The town surrounded by minefields and mass graves was Vukovar. It had lived, barely, in the eye of a media storm for a few days as winter had set in during an atrocity nineteen years before. Vukovar had been an image of dead cornfields, distant columns of smoke rising to gunmetal skies, of mud, misery and murder… but it was all far away from London, Paris, Berlin and Rome. It was even further from Washington. Who cared if savages butchered each other in a distant corner? Not many. Did it matter? Not a lot. Now most memories had wiped away the name of a small town on a fine river. Vukovar.

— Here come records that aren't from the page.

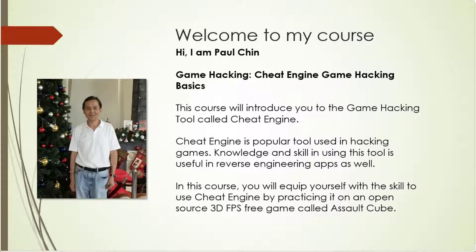Hello and welcome. I am Paul Chin and your instructor for this course. This course is called Cheat Engine Game Hacking Basics.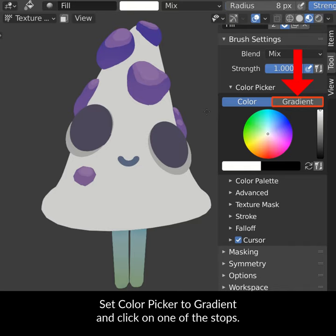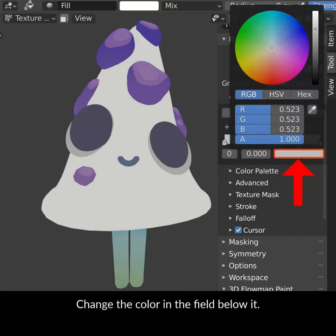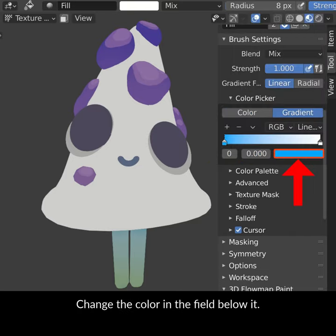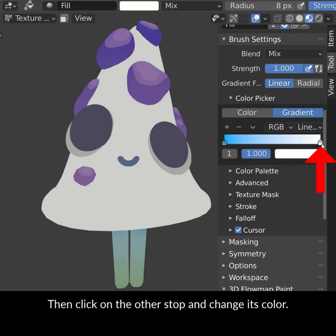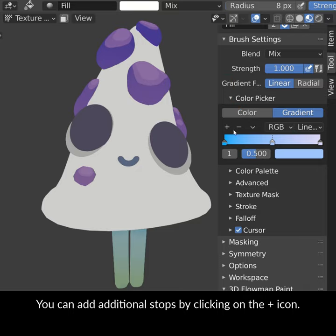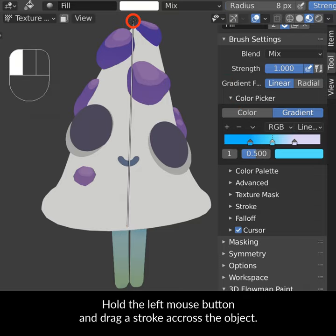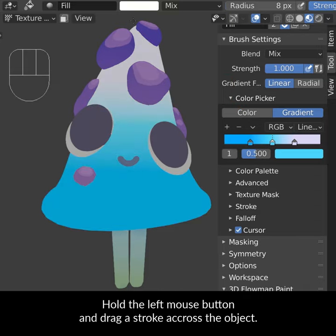Set Color Picker to Gradient and click on one of the stops. Change the color in the field below it. Then click on the other stop and change each color. You can add additional stops by clicking on the plus icon. Hold the left mouse button and drag a stroke across the object.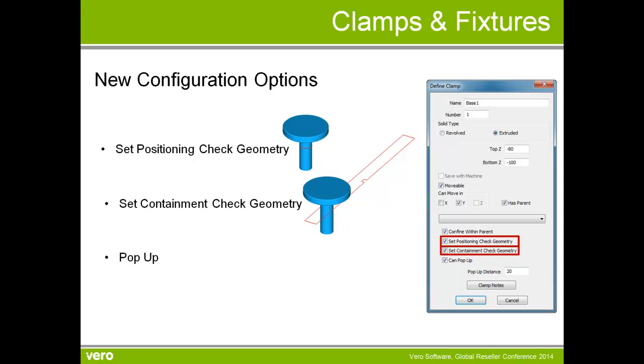And also we have the ability to say that a clamp can pop up and once popped up, it can pop down again. So for example, if I'm in cycle clamping and I want to move a clamp, the first thing that I want to do is pop it up. I want to move the clamp and when it reaches its position, I then want to pop it down again.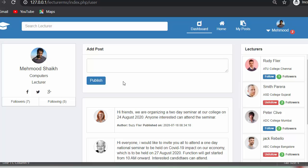Hi everyone, this is Mehmo Sheik. From the past few videos I have been working on developing the lectures management system using PHP CodeIgniter, Ajax, and Sheikvalli. In my last video I completed the functionality of the user logging system, and in this video I will discuss about protecting my private pages from unauthorized access.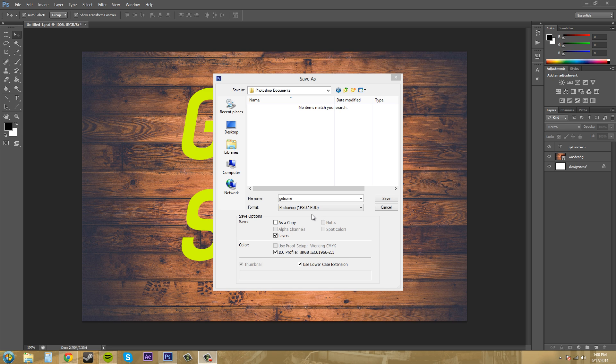So just bear with us as we go through and just keep the pretty much the important information. Like basically, we're just going over how to save.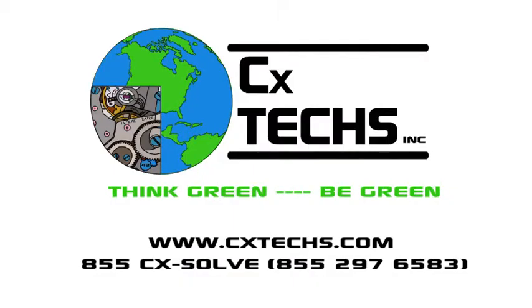That's commissioning from CXTex, providing energy efficient peace of mind. Think green, be green.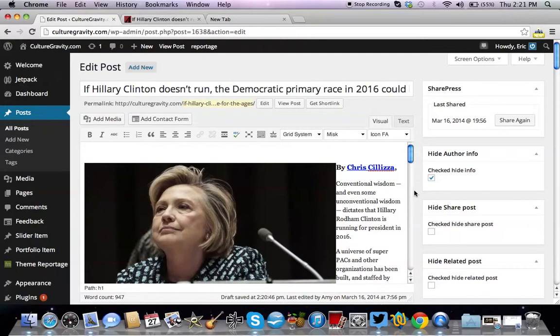Thank you very much. This option allows your author box to show up, and this disables it. Thank you.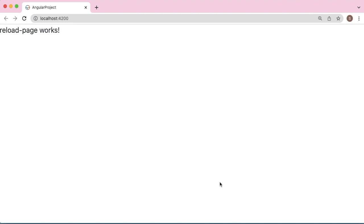Hello guys, welcome to another short tutorial on Angular. In this video, I'm going to show you how we can add a reload page feature in our Angular application. As we know, in Angular, most of the applications we create are single page applications. There's very little chance of reloading a page; most of the time...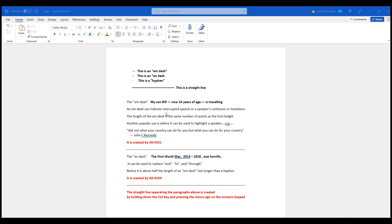Another popular use is where it can be used to highlight a speaker. For example, that comment by John F. Kennedy was highlighted below with an M-dash and the name of the actual speaker himself.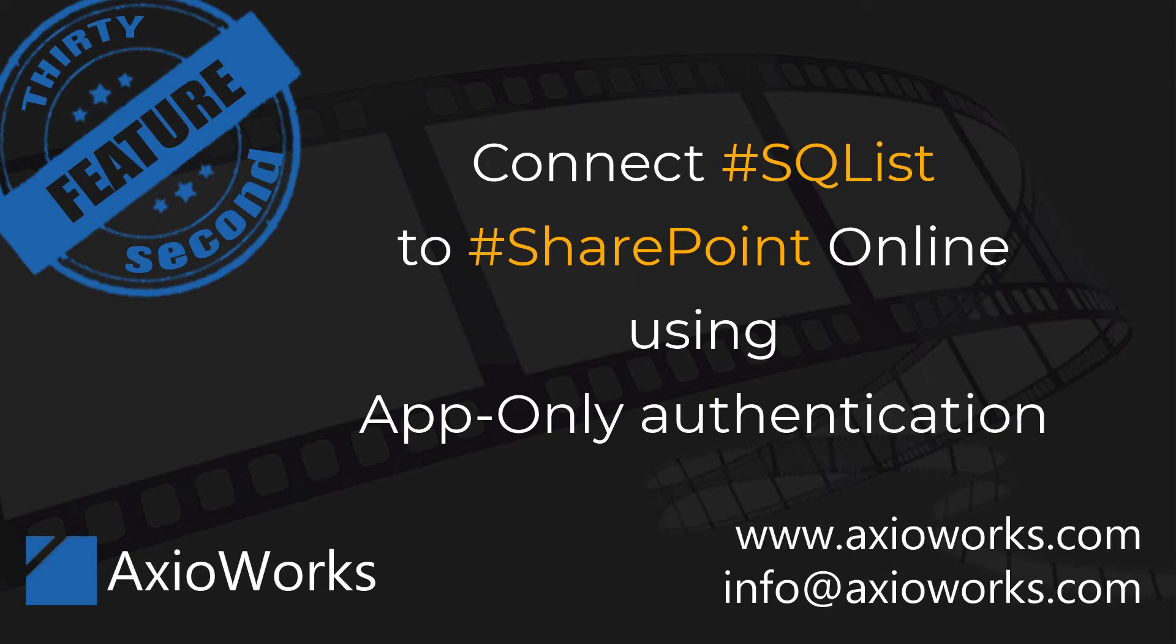Hi, in this video I am going to show you how to configure SQL List to use app-only authentication with SharePoint Online.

But a minefield had been cleared, and a farmer would drive his tractor, the next day, over the ground that an old German shepherd dog had found to be safe. He would have confidence in the dog’s nose, and those who had not forgotten – would never forget – would watch the plough turn fresh furrows. A new strip would be prepared for sowing… old grievances awakened and hatreds reborn.
That evening there was a fine sunset over the river, and cranes tracked the barges that plied upstream drawn by tugboats. A mist gathered, and the sun’s colour was diffused: it had been gold and became blood red.